Of course! How do you expect indie developers to develop? Be like in the old days and get real jobs as programmers until their game takes off and they find a company willing to invest? Why have some actual accountability when you can just sell "shares" to the public?
 
Of course! How do you expect indie developers to develop? Be like in the old days and get real jobs as programmers until their game takes off and they find a company willing to invest? Why have some actual accountability when you can just sell "shares" to the public?

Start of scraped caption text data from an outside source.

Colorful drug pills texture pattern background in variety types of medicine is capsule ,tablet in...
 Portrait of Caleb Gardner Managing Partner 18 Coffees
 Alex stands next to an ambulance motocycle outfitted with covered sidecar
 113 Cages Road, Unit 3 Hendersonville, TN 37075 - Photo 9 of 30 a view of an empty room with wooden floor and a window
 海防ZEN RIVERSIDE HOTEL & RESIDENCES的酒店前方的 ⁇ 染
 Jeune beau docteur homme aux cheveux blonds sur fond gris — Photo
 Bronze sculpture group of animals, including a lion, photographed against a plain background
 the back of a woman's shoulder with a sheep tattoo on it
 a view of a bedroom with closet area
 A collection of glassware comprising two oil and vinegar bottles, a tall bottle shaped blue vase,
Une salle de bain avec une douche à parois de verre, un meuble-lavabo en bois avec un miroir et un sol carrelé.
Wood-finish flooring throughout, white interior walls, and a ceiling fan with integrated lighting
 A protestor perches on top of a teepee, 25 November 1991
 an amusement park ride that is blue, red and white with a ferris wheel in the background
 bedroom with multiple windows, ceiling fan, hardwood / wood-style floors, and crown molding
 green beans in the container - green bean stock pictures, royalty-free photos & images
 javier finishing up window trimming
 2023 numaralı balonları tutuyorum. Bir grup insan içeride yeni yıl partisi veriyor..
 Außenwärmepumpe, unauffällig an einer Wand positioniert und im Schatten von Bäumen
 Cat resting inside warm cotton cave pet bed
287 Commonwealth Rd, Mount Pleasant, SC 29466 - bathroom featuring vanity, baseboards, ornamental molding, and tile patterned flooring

That's basically what they're doing. I'll happily test an alpha for them if they need testers, but I am not paying them for the privilege.
 
Planet Explorers is not a space game fyi. Its basically a sandbox game you can do tons of stuff. Its pretty fun, but unless you got friends you can get bored quick.
 
Early Access on Steam should be free, and then when the game is fully functional the price tag ticks on. That will actually motivate these smaller dev companies to push through and finish their games.

Nowadays if I hear about a new game that sounds cool I have to first confirm that it's not an Early Access game before being interested.
 
All this "pay for the beta" is pretty much the fault of Minecraft. If that hadn't become so popular, people wouldn't think they could get a gem on the cheap and opt for this kind of terrible business model (well terrible for the consumer, at least).
 
This is going to turn into a threadjack, but... the basic force behind this is Steam trying to keep alive a market that is, frankly, dying. Maybe they can morph their platform into a console front-end on the Steam distribution back-end. That's essentially their only viable strategy.